The Martinlutherkinks - Seasonal Reign

(From the EP Hit Parade, Wernher Brothers Records 1994)

Some bands are born into obscurity, while others have obscurity thrust upon them. I’m not sure which applies to the Sex Clark 5, but consider:

1) They released three LPs between ‘87 and ‘93, all of which were in the record racks of indie stores worth their salt, as well as a couple of 7″ EPs. Their first album was re-issued with the EP tracks in the early 90s, and was available through the standard mail-order outlets (Parasol, Not Lame, etc.) Obscure? Yes. But findable.
2) All of their records, especially the first LP, Strum and Drum, garnered a quite respectable amount of critical praise, and most of the worthy ‘zines at least mentioned them. (I think the first one I saw was the “Underground” column in the surprisingly-hep-at-that-point Spin.) They were given kudos in Art Black’s Away From the Pulsebeat, The Bob, and the Trouser Press Record Guide, to name three of many.
3) The band was championed by John Peel, and did a session for his show. I mean, sure, everybody else did too, but still, that should count for something.

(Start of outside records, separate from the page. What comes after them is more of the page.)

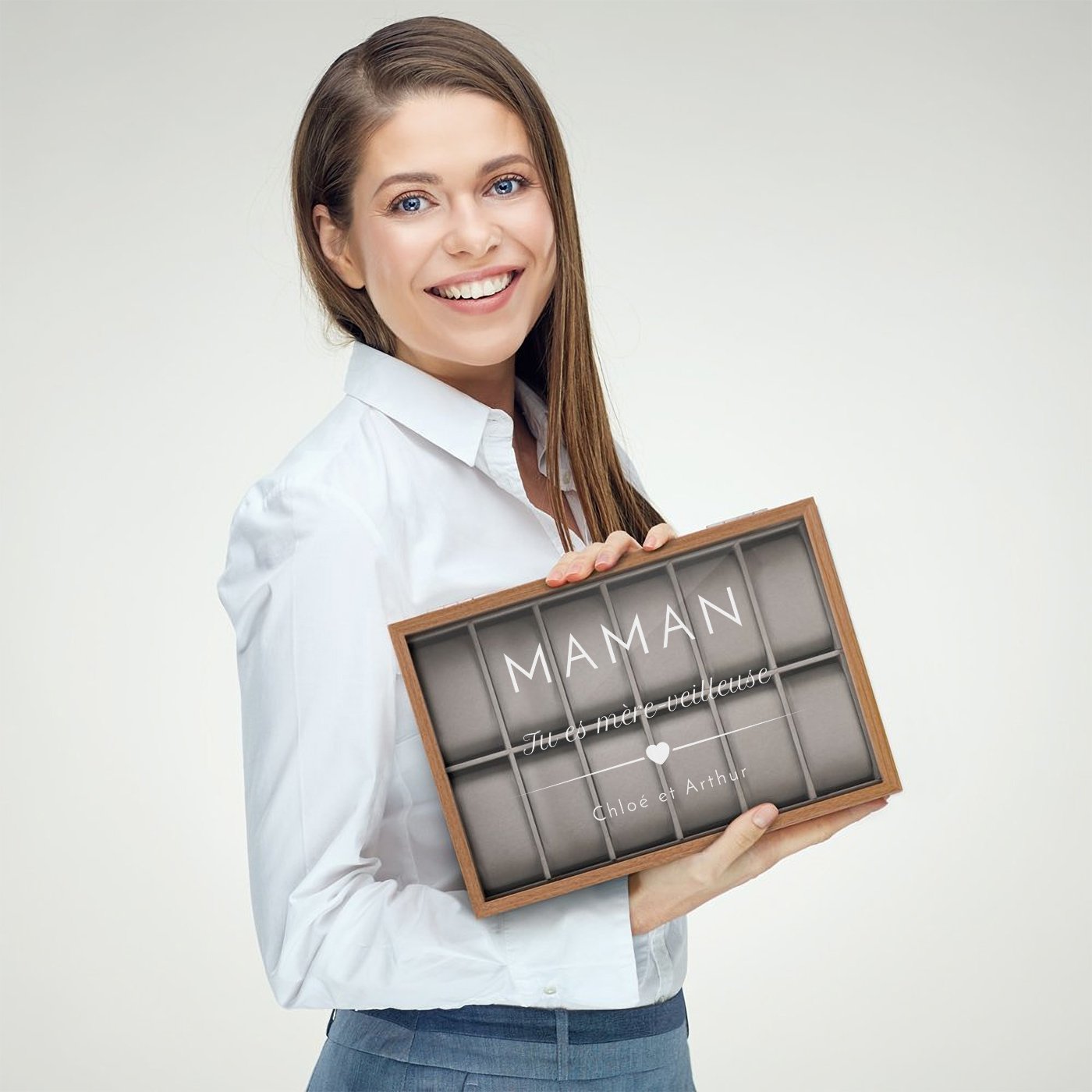 Caja de relojes grabada Murrano para el cumpleaños de mamá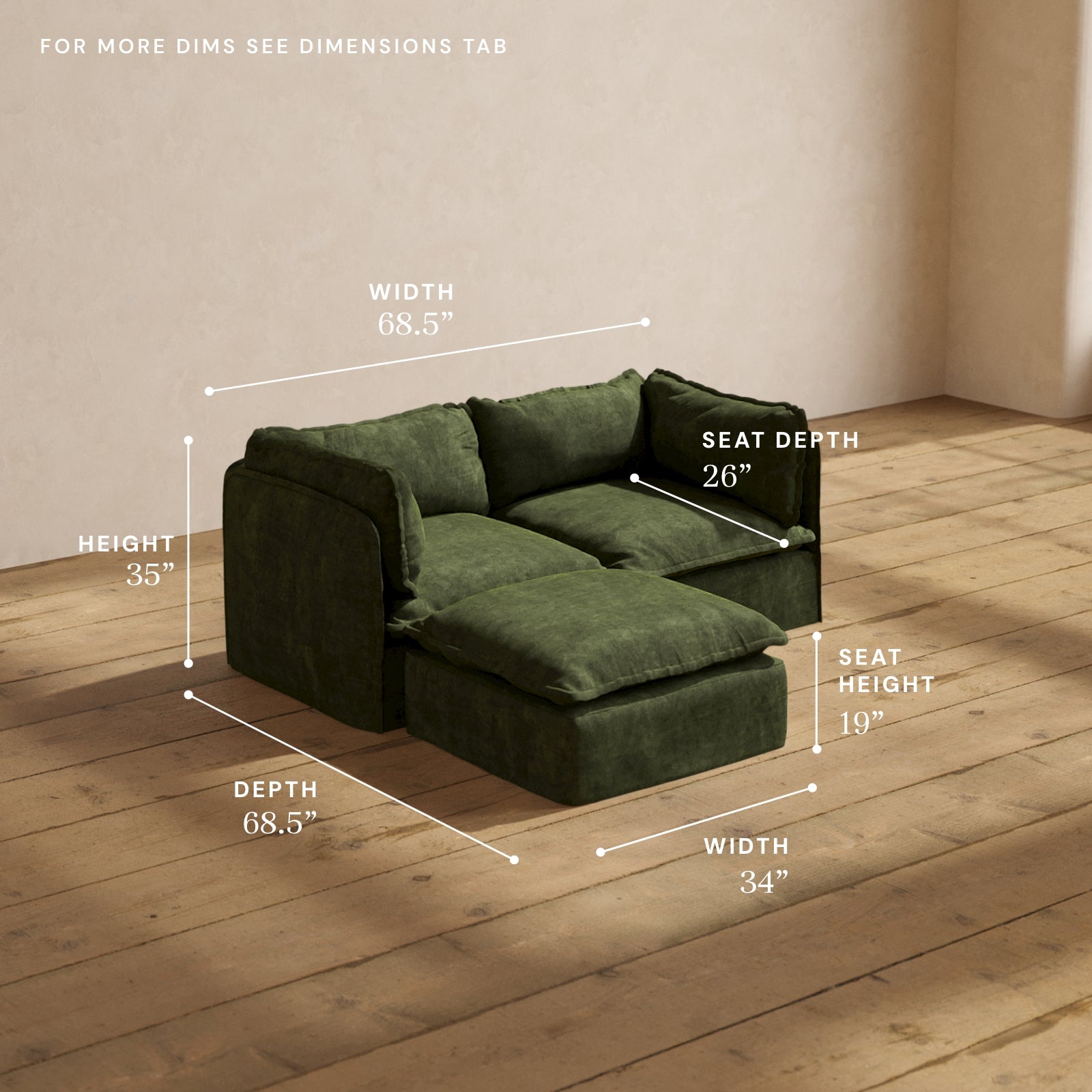 Premium Olive Green Modular 2-Seater Sectional Sofa with Deluxe Blend Fabric - Perfect for Living Room, Lounge & Small Spaces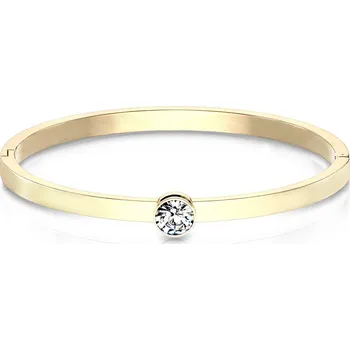 Náramek Šperky4U Otevírací ocelový náramek s kamínkem - OPA1542-GD
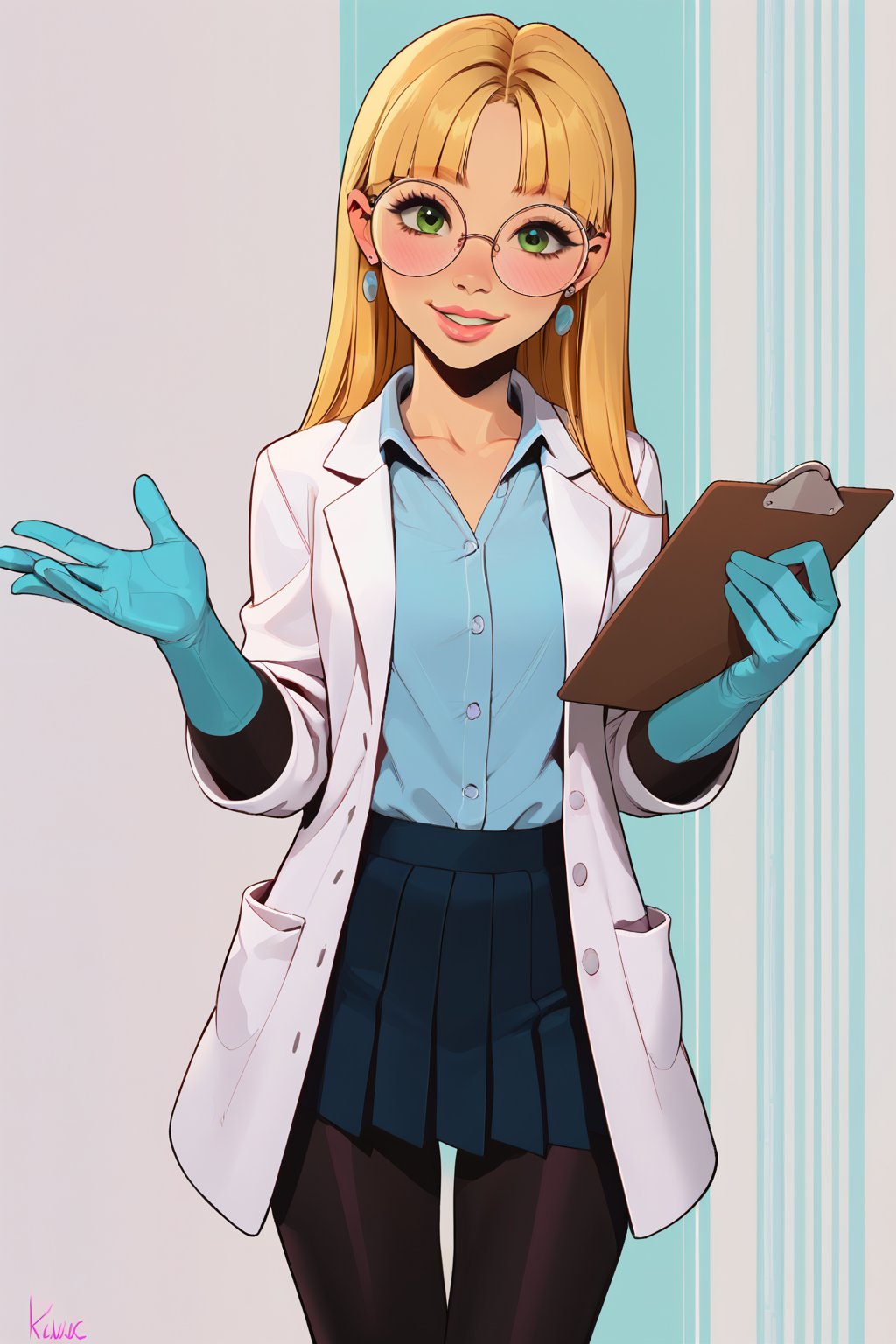 safe_pos, score_9, score_8_up, score_7_up, score_6_up, Expressiveh, very aesthetic, absurdres, highres, solo, laboratory assistant, intern, 1girl, green_eyes, round glasses, clipboard, cropped_legs, holding, holding_clipboard, hugging_clipboard, ((lab_coat)), white_lab_coat, light_blush, lips, smile dimples, college student, 18 years old, young, hime_cut, long_hair, blunt_bangs, blonde_hair, parted_lips, parted_bangs, latex_gloves, sleeves_rolled_up, goofy, gullible, shy, demure, awkward_smile, blushing, cute, looking_at_viewer, light blue shirt, collarbone, earrings, collared_shirt, pleated_skirt, leggings, bright laboratory background, cel shading art, hand-drawn graphic novel, beautiful color palette, perfect composition, cinematic, Concept art, good_hands, perfect hands. Pacifica, Blond hair 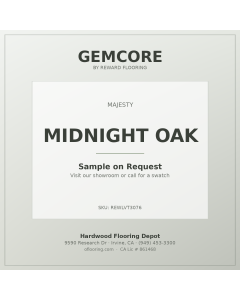 GemCore Midnight Oak — Majesty Collection plank, angle view (REWLVT3076)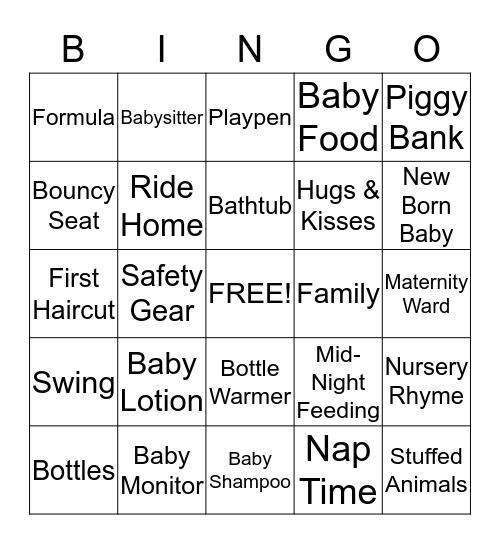 Baby Shower Bingo Card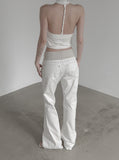 Shibori Straight Cotton Pants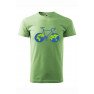 Tricou imprimat Globe Bicycle, pentru barbati, verde iarba, 100% bumbac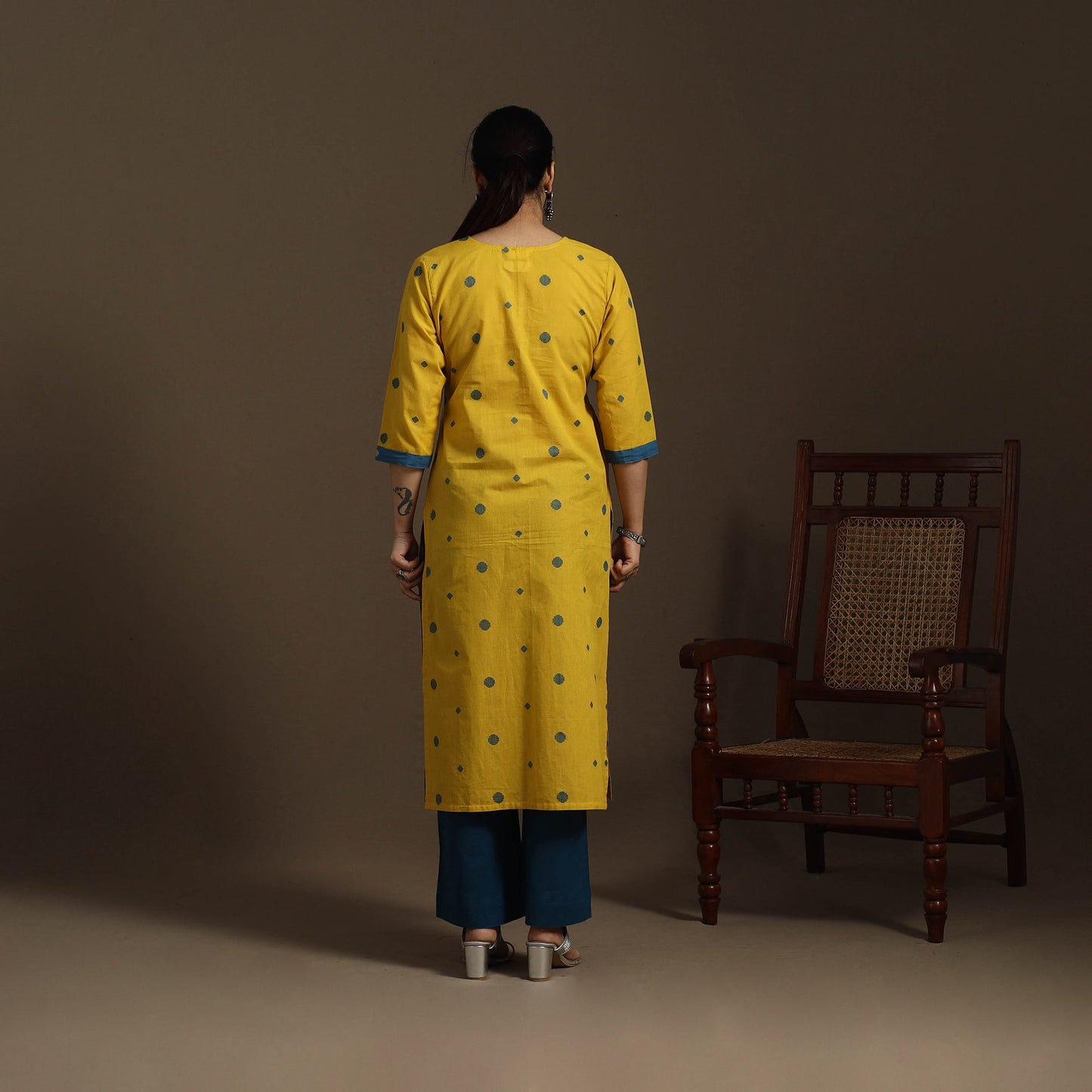 Straight cotton patchwork jacquard kurta for women 12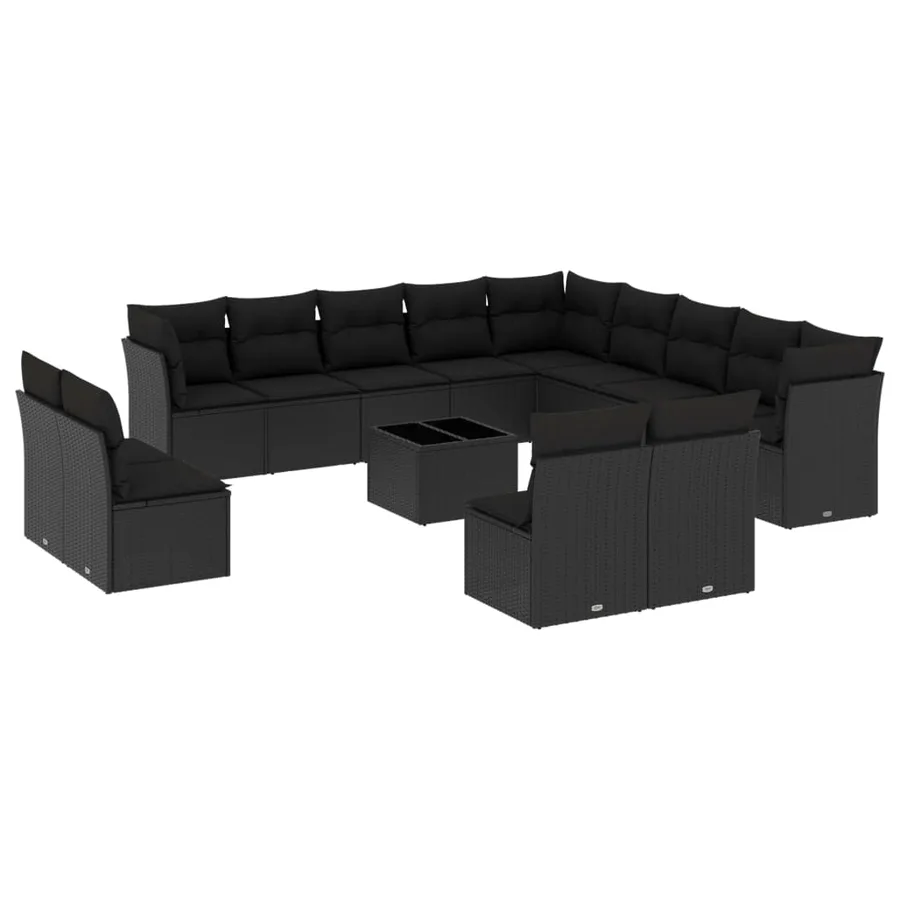 Salon de jardin avec coussins 14 pcs noir résine tressée - 2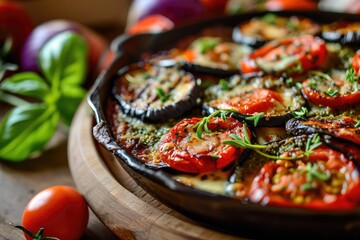 Baked Eggplants with Cheese, Tomatoes and Green Sauce, Italian Parmigiana with Grilled Aubergine - obrazy, fototapety, plakaty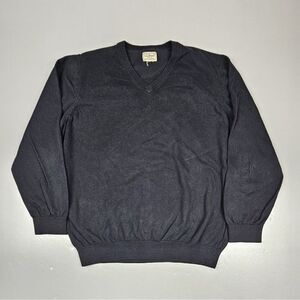 Vintage Bean Sweater Mens XL. V-Neck Black‎ Longsleeve Cotton Blend.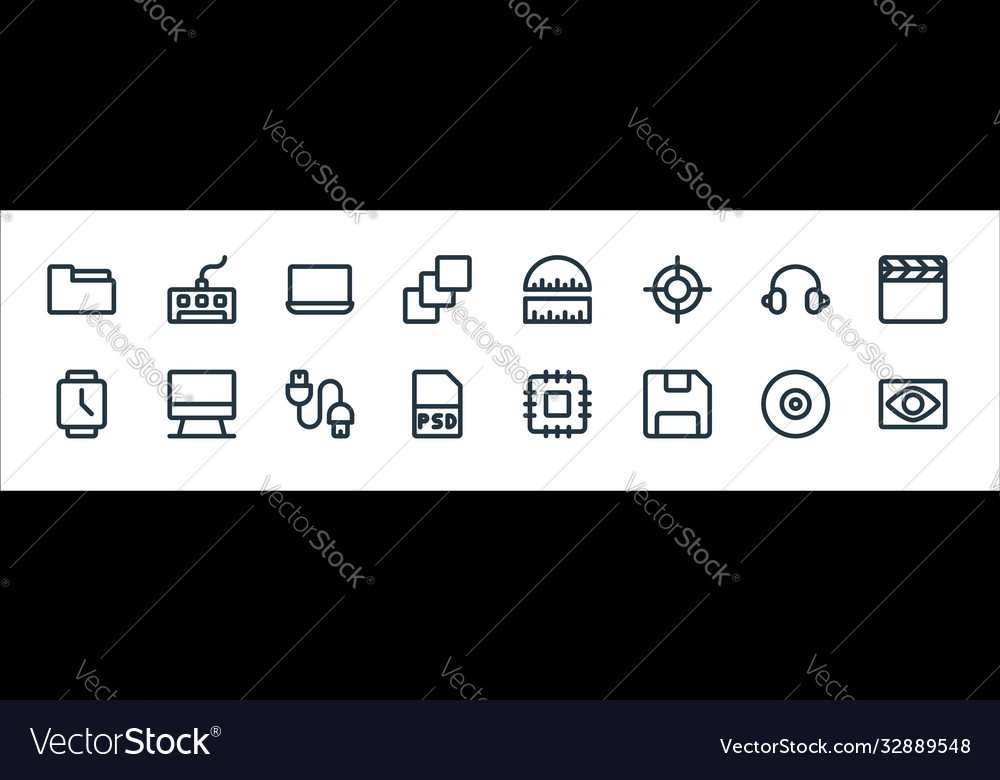 Graphic design line icons linear set quality vector image Graphic design line icons linear set quality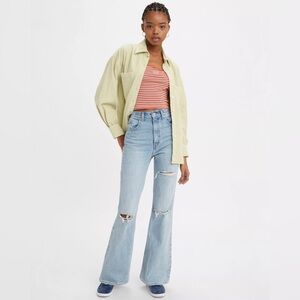 Premium Levis Levi’s 70'S High Rise Flare Jeans, blue distressed, size 32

In spite of the above, it is difficult indeed to hop onto the vast Internets and root out any hard information or even speculation about the band. For instance, they allegedly released a fourth album a few years back, entitled Crimson Panzer. I don’t know anybody who has heard it, let alone actually held a copy in their hands. The band’s website(s), while not un-entertaining, are obtuse and presumably outdated. (It is not entirely clear whether the band exists at this point.) As for the short-lived side project presented here, The Martinlutherkinks, 90%+ of the Google search results for the band name result in lists of…wacky band names.

I’m not going to blather on about the injustice of the universe, or suggest that the popular music industry is (or should be) merit based. However, when there are geeks on the WWW from every global here and there tapping away about their most-adored obscurities, it does seem a little strange to me that one of the most enjoyable (if eccentric) indie-pop footnotes of their time should remain such an enigma. It is possible, perhaps even likely, that fans of the band who saw The Martinlutherkinks 7″ while browsing through several hundred 45s by bands who sounded like the Jesus Lizard or Butterglory didn’t even realize the connection. They probably just said “Huh! That’s a wacky band name,” and kept moving. But just so you know, “Hit Parade,” besides having a neato 60s-style EP sleeve, does contain four charming miniatures written by other guitarist Rick Storey, and arranged and recorded in such a fashion that you’d have to be an even bigger geek than Stewart or I to enumerate any truly significant differences between the MLKs and the SC5. It is unclear how many members of the latter are present; I’d say somewhere between 2 and 3.